Data extracts:
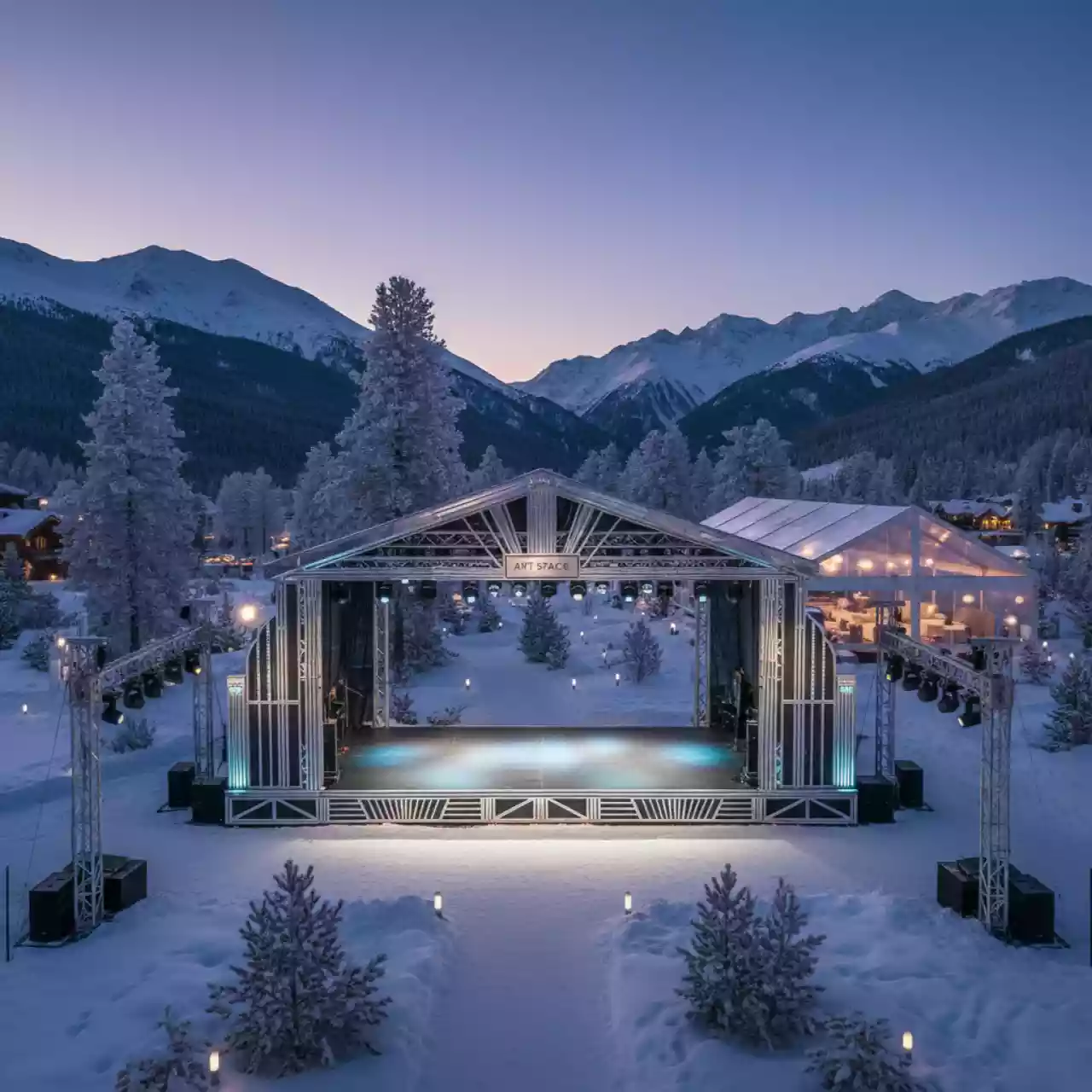 Аренда Сцена односкатная 10х8 металлик в Green Flow Hotel — ART SPACE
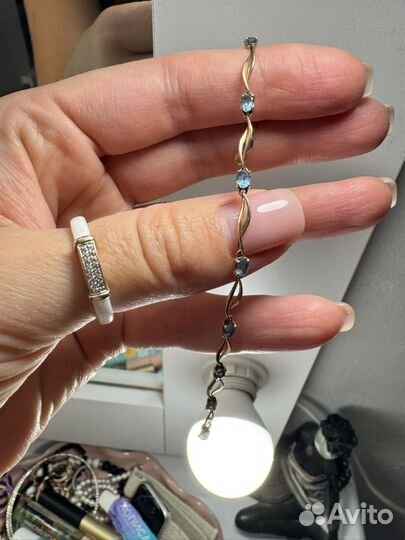 Золотой браслет 585 бу с топазами Sokolov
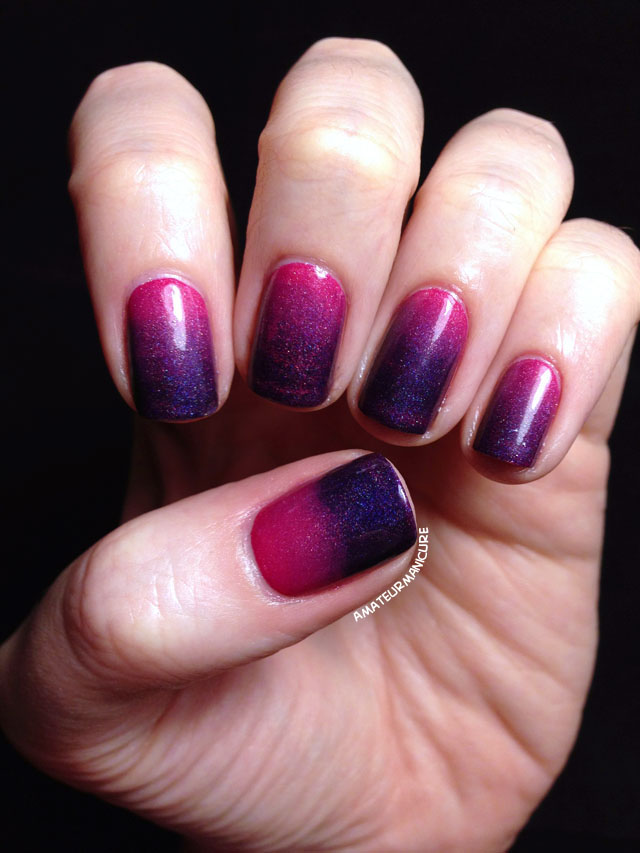 Amateur Manicure A Nail Art Blog Nail Art Pink and Purple Holo Gradient
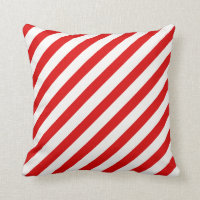 Candy Cane & Horizontal Red Stripes Pillow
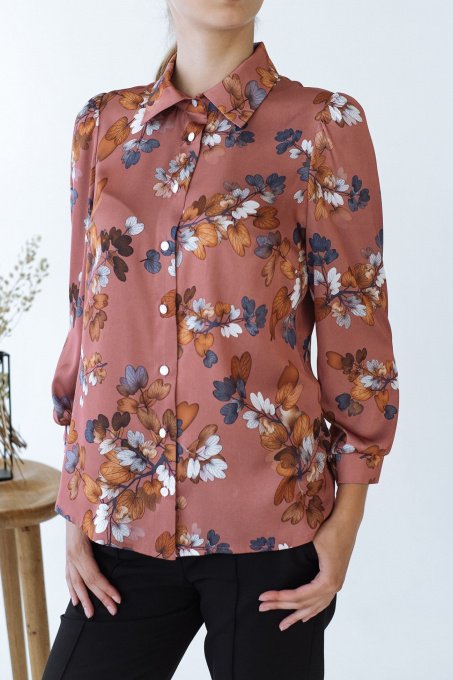 Блуза с длинным руквом VOVK модель 08334 квіти Фото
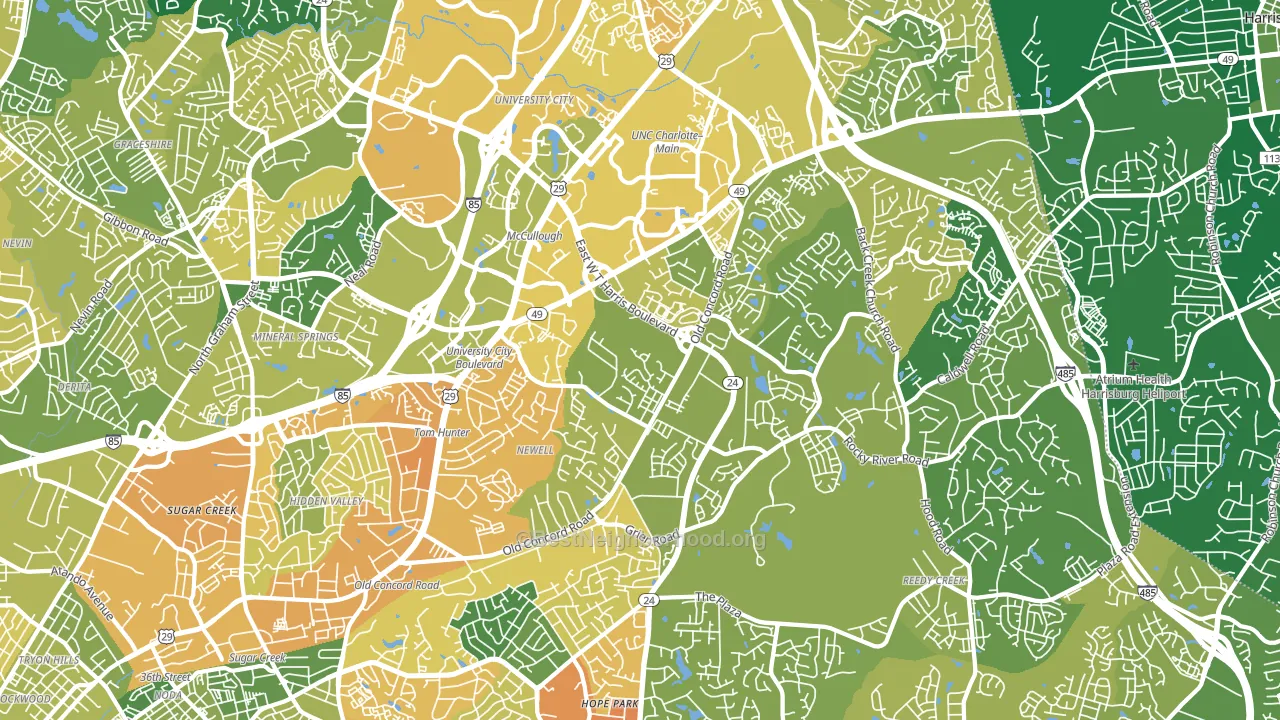 28213, NC block-group voter-turnout map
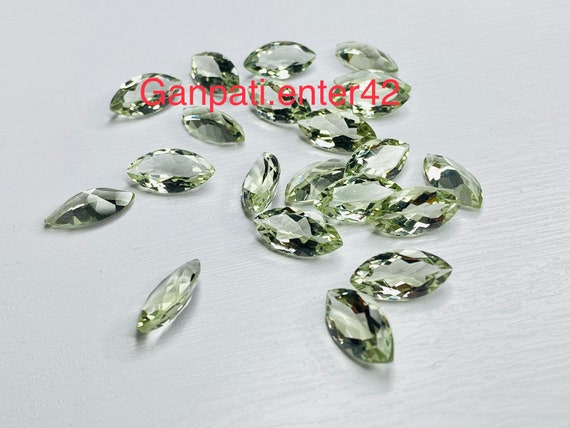 Faceted Green Amethyst Marquise Cut Loose Gemstone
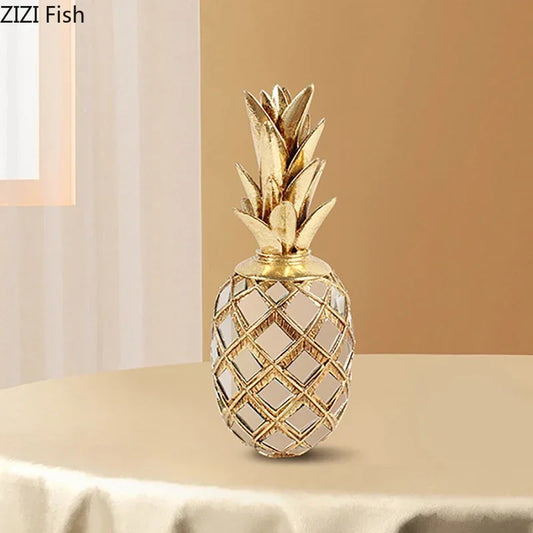 DecorBites™ Golden Pineapple Resin Sculpture Desk Decoration Art Statuette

To do: All of the listing should be transcribed exactly, but none of its images.

Task response:
 Аренда Сцена односкатная 10х8 металлик в Green Flow Hotel — ART SPACE
 Золотой браслет 585 бу с топазами Sokolov
 Amateur Manicure A Nail Art Blog Nail Art Pink and Purple Holo Gradient
 Candy Cane & Horizontal Red Stripes Pillow
 Блуза с длинным руквом VOVK модель 08334 квіти Фото
 28213, NC block-group voter-turnout map
 Faceted Green Amethyst Marquise Cut Loose Gemstone
 DecorBites™ Golden Pineapple Resin Sculpture Desk Decoration Art Statuette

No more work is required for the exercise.